Complimenting this cleaner, more grandiose production, Aidan Moffat’s writing has likewise stepped up a gear. The release of Everything’s Getting Older, his 2011 collaboration with Bill Wells, felt like a turning point in his career, the moment when his writing shifted fully from spontaneous confessional monologue to the ranks of pure poetry. His writing on this newest album is more accomplished still, his ear greater attuned to the rhythmic qualities of language, his storytelling capabilities significantly expanded. ‘Kebabylon’ is simply excellent, taking us into the mind of a street-sweeper cleaning up the debris left by other peoples’ degenerate night on the town. Lines like “I am your moonlight maid” and “I kill corruption so it lives another day” conjure vivid images of a shadowy figure creeping unseen through the dawn streets, confronting human behaviour at its basest and most degraded. “I see your swagger”, the narrative voice declares, revelling in the quiet power he wields over the drunken hordes whose filthy secrets it is his job to make disappear.
‘Sleeper’ is another standout, an allegorical narrative that delves into the regret felt when reflecting on the diverging paths one’s life can take. Washed out saxophones slide across meandering guitar lines that pitch steadily forwards like the train the narrator finds himself travelling on. Passing through stations where different incarnations of himself stare back from the platforms – the failed musician, the nuclear-family man, the local hero – Moffat sounds as if he is leading us by the hand into his mind’s darkest corridors. “Just keep rolling” he whispers, a self-directed encouragement to not dwell on lost possibilities, to not get stuck in the mire of regrets and what-ifs. It is Moffat at the peak of his writing abilities, his ideas thought-provoking and intelligent without ever losing the emotional honesty his lyrics have always sought to conjure.

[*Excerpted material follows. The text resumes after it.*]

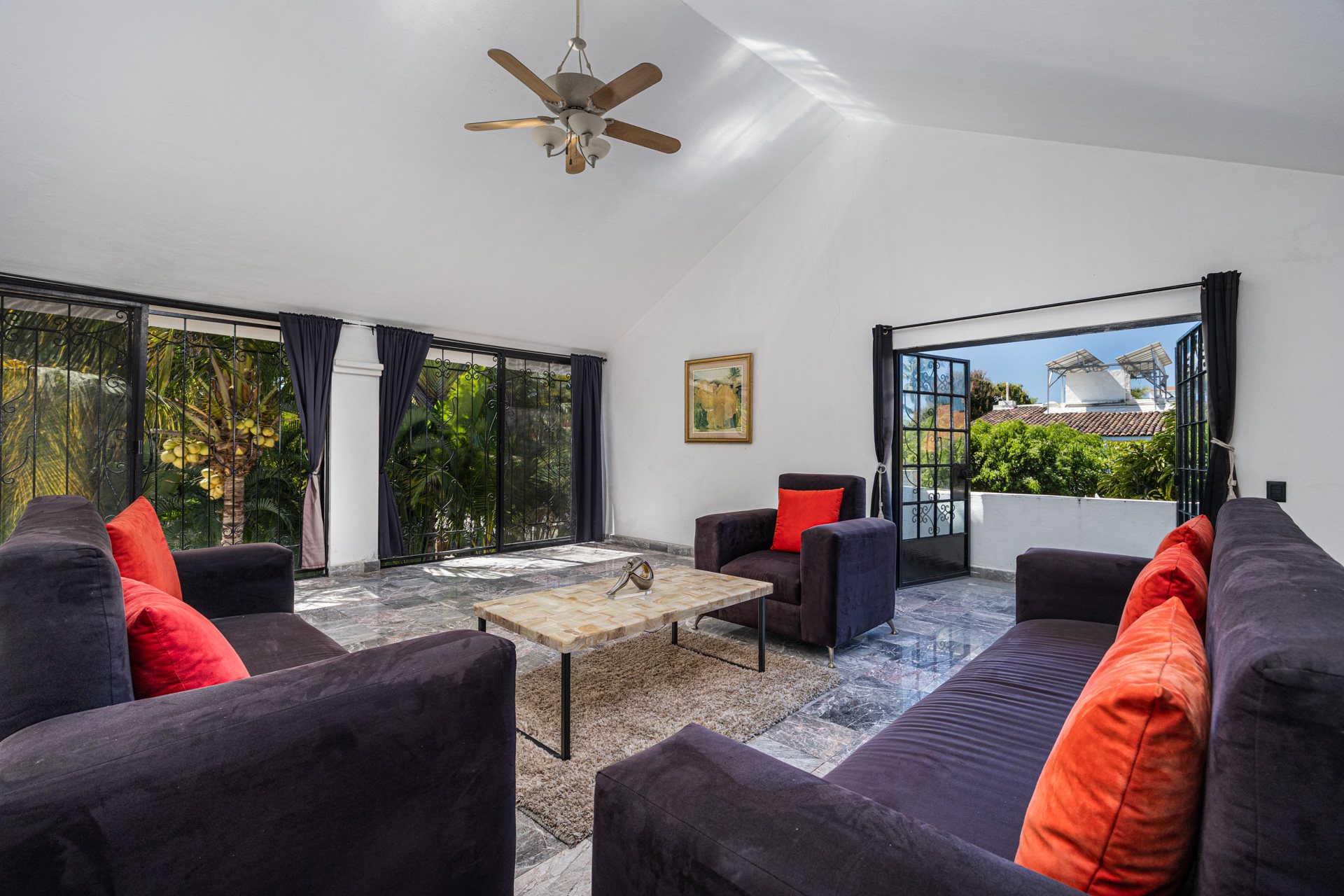 Sala familiar con puertas de cristal hacia el jardín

In the twenty-five years since Arab Strap’s first album, Moffat’s delivery has developed just as naturally as his penmanship. Deeper and clearer, his voice sounds quite different from the boyish mumblings we first heard on ‘The First Big Weekend’ back in 1996. On ‘Tears on Tour’, a classic Arab Strap dirge, his voice sounds effortlessly strong, his singing, never virtuosic, now at least thoroughly controlled. The shift in his delivery only heightens the emotional weight his words carry, his former bitterness exchanged for a wise introspection, the penchant for self-pity turned to a winking, self-assured irony.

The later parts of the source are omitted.